Wir Menschen lernen immer und überall. Nicht zu lernen, geht nicht. Kinder sind wissbegierig: Sie stellen ohne Ende Fragen, wollen Dinge ausprobieren, uns nachahmen und Dinge verstehen. Lernen ist also etwas Natürliches, dass sich gar nicht verhindern lässt. Es sei denn, wir machen einen Zwang daraus…

Auch Freilernen verhindert dieses Lernen nicht. Im Gegegenteil, es möchte genau diesen inneren Antrieb erhalten und bewahren. Freilernen ist Lernen in seiner Reinform. Es folgt den ureigenen Interessen des Kindes.

Die Frage wäre eher, ob beim Freilernen das gleiche gelernt wird, wie in der Schule und ob das zum selben Zeitpunkt passiert?
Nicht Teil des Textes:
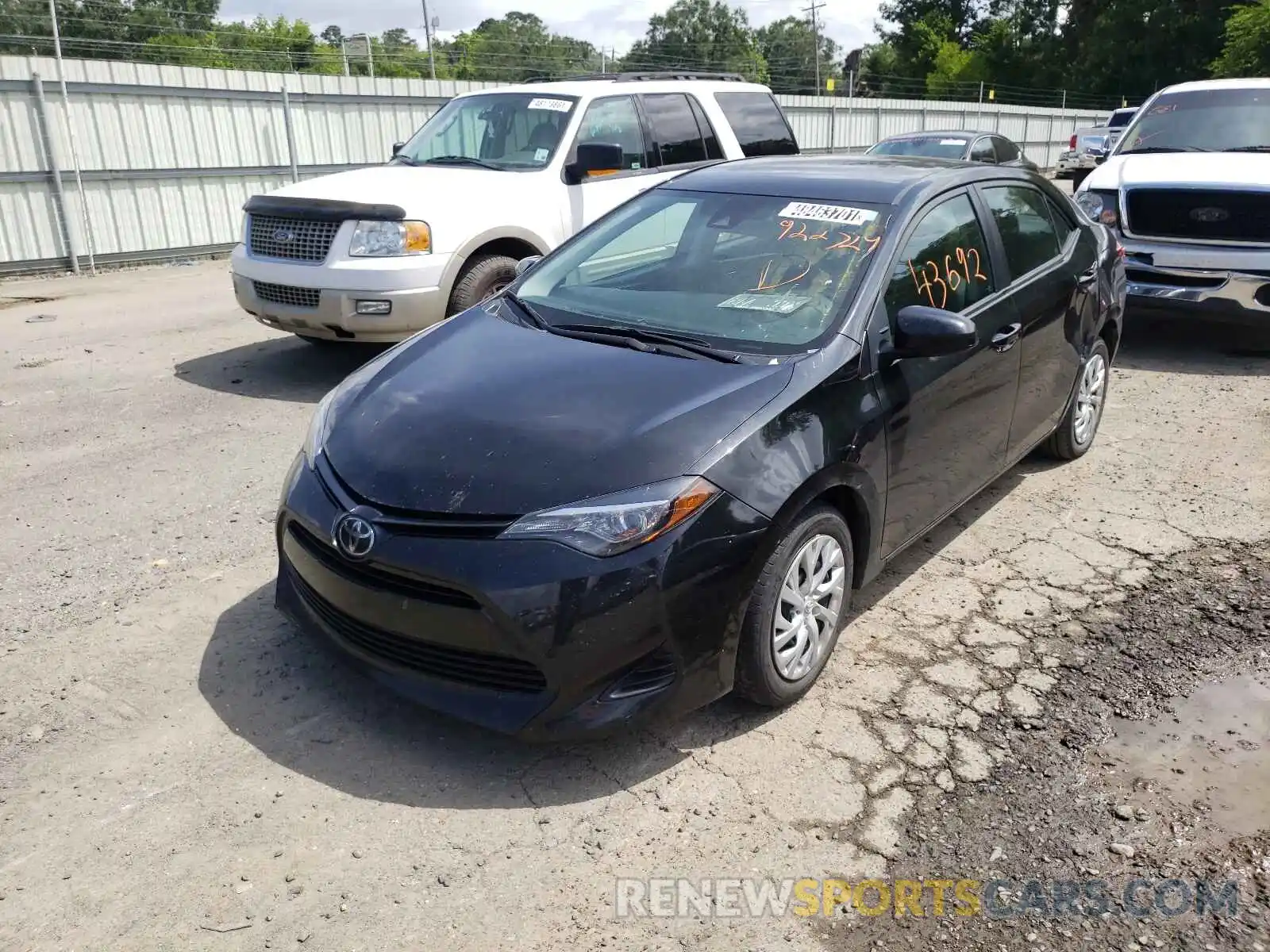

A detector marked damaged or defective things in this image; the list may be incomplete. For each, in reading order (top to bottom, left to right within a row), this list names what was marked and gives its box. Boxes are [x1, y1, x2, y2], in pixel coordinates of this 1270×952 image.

cracked asphalt [0, 261, 1264, 952]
Das ist höchst unterschiedlich und kommt auf das jeweilige Kind an. Aber generell wird das eher nicht der Fall sein. Denn wir alle haben unterschiedliche Interessen, verschiedene Fähigkeiten und Fertigkeiten und vor allem ganz individuelle Lernfester. Manche Kinder lernen mit fünf bereits lesen, weil das für sie gerade dran ist. Andere erst deutlich später. Sie sind dafür möglicherweise motorisch unglaublich begabt und machen Überschläge und schlagen Räder, die nächsten sind wandelnde Dinosauerierforscher. Lernen beschränkt sich nicht nur auf den Schulstoff, es umfast alles, was uns umgibt und kann zu ganz und gar unterschiedlichen Zeitpunkten passieren.

Es sollte aber nicht nur betrachtet werden, was beim Freilernen nicht gelernt wird. Denn wer einen solchen Vergleich anstrebt, sollte bedenken, dass beim schulischen Lernen etwa 80 Prozent des Wissens wieder verloren geht. Was für eine unglaubliche Zahl! Es kommt daher nicht so sehr darauf an was gelernt oder nicht gelernt wird, sondern ob es für das jeweilige Kind zum jeweiligen Zeitpunkt auch relevant ist. Denn nur dann bleibt uns dieses Wissen auch nachhaltig erhalten.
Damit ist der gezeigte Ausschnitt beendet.